Extract tag-delimited regions using regex or string matching
Parse the JSON content within each tag region with JSON.parse()

The JSON within each tag region is guaranteed to be valid and schema-conforming, but the surrounding free-form text requires standard string processing to locate the tag boundaries.

Usage

Use structured output parsing when:

You have obtained a response from a grammar-constrained inference request (any response_format with type: "json_object" and a schema).
You need to convert the string output into a typed JavaScript/TypeScript object for application logic.
You want to eliminate all JSON parsing error handling from your application code.

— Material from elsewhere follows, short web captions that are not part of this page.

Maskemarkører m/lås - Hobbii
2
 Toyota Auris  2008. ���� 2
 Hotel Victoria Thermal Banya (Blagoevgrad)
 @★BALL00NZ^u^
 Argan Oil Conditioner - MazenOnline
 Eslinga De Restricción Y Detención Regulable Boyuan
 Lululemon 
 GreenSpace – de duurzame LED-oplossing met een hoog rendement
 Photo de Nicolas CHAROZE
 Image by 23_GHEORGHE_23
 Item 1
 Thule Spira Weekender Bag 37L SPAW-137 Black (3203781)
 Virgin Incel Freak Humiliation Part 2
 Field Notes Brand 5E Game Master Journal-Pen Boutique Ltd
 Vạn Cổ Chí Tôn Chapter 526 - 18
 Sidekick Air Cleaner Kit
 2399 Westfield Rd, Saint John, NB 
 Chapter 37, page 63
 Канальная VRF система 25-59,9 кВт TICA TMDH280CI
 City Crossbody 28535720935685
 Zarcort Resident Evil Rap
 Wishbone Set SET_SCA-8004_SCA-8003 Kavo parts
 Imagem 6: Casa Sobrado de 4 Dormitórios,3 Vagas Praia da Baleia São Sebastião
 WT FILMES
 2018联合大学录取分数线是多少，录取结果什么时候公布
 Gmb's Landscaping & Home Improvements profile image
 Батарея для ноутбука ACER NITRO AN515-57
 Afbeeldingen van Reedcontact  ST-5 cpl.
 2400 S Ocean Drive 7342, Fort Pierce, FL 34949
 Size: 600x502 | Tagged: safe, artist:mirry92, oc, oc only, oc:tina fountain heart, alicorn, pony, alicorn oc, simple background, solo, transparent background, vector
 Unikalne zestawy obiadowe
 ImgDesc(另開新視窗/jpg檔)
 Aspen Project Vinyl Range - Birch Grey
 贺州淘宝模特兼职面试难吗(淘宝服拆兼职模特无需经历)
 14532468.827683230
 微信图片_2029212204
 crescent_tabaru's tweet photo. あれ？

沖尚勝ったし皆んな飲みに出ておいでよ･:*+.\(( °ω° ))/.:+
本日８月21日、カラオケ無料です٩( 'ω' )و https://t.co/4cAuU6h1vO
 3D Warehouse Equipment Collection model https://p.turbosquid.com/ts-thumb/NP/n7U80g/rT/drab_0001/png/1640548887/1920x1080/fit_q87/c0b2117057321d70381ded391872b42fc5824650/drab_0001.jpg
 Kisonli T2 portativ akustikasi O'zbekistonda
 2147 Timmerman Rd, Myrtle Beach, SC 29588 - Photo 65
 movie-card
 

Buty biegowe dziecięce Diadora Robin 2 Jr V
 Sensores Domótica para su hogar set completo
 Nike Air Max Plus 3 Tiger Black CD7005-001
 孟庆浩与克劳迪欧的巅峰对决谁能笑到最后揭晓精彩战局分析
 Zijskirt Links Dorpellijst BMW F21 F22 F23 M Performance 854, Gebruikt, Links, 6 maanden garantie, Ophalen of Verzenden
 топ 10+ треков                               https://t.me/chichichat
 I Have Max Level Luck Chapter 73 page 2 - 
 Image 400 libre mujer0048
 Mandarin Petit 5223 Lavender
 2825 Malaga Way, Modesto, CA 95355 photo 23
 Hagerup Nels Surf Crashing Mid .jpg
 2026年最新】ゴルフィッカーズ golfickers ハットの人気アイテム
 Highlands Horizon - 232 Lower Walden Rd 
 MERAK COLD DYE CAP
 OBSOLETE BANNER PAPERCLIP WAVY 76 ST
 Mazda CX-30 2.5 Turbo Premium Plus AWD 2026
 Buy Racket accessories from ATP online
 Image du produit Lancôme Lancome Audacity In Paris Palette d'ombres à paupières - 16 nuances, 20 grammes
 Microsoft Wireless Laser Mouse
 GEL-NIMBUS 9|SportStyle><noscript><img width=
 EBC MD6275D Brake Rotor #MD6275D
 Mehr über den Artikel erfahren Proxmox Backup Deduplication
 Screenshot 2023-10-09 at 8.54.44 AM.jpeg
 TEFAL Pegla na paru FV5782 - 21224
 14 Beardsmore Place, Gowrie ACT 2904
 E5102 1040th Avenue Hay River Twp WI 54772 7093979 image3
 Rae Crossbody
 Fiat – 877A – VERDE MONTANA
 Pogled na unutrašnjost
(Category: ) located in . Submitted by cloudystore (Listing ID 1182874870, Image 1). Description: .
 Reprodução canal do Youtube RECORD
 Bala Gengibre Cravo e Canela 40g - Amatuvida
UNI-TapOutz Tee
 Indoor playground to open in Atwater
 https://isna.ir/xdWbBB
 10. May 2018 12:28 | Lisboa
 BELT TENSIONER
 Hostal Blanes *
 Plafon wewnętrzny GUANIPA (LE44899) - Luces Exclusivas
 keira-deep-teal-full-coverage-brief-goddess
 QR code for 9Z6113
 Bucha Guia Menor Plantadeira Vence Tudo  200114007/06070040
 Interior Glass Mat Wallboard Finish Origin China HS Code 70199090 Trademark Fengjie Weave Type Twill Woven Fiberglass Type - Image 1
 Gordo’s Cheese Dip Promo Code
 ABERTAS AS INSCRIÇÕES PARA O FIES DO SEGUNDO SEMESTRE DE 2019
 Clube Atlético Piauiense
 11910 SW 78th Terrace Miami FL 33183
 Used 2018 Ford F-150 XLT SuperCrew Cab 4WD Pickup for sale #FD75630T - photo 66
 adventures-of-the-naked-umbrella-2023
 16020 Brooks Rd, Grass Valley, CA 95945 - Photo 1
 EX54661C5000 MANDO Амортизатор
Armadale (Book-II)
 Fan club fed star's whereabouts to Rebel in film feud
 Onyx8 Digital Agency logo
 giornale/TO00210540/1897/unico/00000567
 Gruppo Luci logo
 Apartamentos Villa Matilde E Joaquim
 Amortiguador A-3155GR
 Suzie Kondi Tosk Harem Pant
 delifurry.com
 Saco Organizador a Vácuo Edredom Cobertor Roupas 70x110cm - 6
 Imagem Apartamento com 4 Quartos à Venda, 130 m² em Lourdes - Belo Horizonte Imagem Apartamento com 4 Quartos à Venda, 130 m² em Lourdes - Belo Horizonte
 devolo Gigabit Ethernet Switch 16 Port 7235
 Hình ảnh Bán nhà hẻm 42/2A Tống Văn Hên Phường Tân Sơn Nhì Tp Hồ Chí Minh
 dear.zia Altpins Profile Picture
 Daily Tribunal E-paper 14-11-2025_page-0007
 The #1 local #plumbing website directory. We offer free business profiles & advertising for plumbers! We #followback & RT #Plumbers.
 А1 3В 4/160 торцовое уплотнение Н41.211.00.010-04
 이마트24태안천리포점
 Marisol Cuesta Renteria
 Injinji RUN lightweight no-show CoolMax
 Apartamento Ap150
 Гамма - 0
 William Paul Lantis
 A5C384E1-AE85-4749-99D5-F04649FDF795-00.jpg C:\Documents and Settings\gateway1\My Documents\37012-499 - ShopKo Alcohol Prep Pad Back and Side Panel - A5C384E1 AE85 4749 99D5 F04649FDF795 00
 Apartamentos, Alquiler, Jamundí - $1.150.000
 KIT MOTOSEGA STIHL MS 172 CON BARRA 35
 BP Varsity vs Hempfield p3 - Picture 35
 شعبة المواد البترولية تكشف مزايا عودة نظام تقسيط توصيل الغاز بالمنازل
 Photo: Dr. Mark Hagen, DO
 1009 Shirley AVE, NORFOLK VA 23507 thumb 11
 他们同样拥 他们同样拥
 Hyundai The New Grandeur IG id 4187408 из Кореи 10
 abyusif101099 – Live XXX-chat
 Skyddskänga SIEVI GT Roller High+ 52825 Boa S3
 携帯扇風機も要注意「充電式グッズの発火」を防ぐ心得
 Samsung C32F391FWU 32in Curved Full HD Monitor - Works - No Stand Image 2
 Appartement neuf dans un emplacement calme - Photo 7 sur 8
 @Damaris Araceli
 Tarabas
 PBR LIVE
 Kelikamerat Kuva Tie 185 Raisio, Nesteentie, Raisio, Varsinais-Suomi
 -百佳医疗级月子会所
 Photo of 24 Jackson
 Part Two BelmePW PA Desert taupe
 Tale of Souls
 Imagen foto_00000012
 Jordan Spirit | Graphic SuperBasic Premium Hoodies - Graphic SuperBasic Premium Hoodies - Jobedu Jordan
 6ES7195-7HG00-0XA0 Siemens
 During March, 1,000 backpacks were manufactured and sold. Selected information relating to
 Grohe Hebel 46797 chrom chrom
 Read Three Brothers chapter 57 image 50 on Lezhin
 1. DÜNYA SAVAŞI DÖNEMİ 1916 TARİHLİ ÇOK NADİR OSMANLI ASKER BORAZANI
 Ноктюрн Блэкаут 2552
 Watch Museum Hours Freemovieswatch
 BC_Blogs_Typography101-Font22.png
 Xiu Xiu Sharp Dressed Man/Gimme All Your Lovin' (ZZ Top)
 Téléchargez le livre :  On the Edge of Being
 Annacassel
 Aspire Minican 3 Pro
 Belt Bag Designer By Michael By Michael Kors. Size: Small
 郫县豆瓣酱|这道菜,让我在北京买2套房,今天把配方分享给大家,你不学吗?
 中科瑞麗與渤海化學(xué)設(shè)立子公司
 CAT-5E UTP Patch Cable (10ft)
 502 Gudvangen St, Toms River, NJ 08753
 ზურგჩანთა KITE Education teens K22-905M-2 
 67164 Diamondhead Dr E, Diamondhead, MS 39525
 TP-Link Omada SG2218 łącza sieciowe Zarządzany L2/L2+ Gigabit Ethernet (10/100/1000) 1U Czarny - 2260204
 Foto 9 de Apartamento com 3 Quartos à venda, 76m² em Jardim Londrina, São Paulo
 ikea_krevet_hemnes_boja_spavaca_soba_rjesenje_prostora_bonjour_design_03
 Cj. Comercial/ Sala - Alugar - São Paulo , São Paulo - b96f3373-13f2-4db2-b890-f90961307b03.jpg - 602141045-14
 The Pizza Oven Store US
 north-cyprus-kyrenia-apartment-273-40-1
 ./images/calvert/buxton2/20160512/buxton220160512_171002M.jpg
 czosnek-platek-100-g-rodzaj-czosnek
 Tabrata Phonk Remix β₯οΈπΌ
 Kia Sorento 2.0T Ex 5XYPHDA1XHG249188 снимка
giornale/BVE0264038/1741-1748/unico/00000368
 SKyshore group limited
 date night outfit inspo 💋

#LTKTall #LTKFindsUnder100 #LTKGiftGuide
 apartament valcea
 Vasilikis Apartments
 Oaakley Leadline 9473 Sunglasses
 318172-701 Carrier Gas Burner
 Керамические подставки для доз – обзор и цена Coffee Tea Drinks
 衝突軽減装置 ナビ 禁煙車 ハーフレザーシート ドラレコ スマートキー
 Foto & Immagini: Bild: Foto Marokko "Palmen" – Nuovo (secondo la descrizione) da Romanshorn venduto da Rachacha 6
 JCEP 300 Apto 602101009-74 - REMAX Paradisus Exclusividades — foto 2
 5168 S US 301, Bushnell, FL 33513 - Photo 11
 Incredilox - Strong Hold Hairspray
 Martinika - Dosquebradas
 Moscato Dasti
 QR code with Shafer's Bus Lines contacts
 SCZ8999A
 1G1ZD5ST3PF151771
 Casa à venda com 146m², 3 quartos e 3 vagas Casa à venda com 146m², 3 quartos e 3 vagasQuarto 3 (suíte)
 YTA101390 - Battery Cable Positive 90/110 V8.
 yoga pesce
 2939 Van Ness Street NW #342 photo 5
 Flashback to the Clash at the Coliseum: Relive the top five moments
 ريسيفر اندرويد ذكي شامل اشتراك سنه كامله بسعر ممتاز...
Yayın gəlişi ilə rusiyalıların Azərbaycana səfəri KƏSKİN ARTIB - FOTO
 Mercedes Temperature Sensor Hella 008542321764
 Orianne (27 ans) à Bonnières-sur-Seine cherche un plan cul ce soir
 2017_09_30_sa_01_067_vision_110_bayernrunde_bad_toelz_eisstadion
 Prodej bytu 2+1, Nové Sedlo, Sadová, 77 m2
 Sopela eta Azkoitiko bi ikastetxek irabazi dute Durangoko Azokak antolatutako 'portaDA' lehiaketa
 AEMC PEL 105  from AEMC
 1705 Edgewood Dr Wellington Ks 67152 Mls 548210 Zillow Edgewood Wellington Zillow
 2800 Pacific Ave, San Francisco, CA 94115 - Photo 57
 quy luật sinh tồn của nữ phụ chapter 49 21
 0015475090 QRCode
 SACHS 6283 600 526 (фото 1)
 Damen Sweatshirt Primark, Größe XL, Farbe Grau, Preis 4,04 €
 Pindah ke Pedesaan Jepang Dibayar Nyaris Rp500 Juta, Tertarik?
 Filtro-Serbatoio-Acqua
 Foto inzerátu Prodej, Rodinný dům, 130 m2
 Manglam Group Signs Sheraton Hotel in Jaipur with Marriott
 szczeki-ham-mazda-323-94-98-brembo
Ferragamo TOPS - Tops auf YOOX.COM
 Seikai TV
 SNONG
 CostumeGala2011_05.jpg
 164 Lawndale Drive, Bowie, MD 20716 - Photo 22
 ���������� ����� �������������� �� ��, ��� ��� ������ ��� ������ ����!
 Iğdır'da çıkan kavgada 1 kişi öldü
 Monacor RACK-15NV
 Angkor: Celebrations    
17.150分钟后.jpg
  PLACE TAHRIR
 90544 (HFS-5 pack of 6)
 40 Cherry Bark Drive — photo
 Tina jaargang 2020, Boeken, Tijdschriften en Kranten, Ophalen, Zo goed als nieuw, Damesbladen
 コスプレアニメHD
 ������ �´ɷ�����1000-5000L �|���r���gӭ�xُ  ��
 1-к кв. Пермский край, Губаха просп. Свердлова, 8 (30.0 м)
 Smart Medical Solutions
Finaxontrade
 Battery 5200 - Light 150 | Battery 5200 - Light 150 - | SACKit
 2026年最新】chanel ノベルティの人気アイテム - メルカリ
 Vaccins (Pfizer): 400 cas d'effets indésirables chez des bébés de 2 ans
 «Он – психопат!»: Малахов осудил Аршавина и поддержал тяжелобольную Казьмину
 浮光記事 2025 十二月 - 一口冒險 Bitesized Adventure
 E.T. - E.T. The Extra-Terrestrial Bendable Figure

Do not use this pattern when:

The request did not include response_format with grammar constraints -- free-form text output may not be valid JSON.
finish_reason is "length" -- the output may be truncated mid-token, resulting in incomplete JSON. Always check finish_reason.

Theoretical Basis

The reliability of this parsing pattern rests on a formal guarantee from the grammar-constrained decoding algorithm:

Theorem: If grammar-constrained decoding completes with finish_reason: "stop", the generated token sequence, when decoded to a string, is a member of the language defined by the grammar.

This follows from the decoding algorithm's invariants:

Initialization: The grammar matcher starts in the grammar's initial state.
Per-token invariant: At each step, only tokens that lead to valid partial parses are available for sampling. The bitmask enforces this.
Termination: The grammar matcher signals completion only when the current parse state is an accepting state of the grammar.
Concatenation: The decoded string is the concatenation of all accepted tokens, which by the invariant forms a valid parse.

For JSON Schema grammars specifically, this means:

Every property name and string value is properly quoted
Every numeric value has valid syntax
Boolean values are exactly true or false
Arrays and objects have matching brackets/braces
Required properties are present
Enum values match one of the specified options

Caveat: finish_reason

The guarantee holds only when finish_reason is "stop" (natural grammar completion). If finish_reason is "length" (hit max_tokens or context window limit), the output may be a valid prefix of the grammar but not a complete parse. In this case, JSON.parse() may fail.

Performance Profiling

The usage statistics in the response include grammar-specific metrics:

usage.extra.grammar_init_s -- Time spent compiling the grammar (seconds). Cached across requests with the same schema.
usage.extra.grammar_per_token_s -- Average per-token time for bitmask computation and token acceptance (seconds).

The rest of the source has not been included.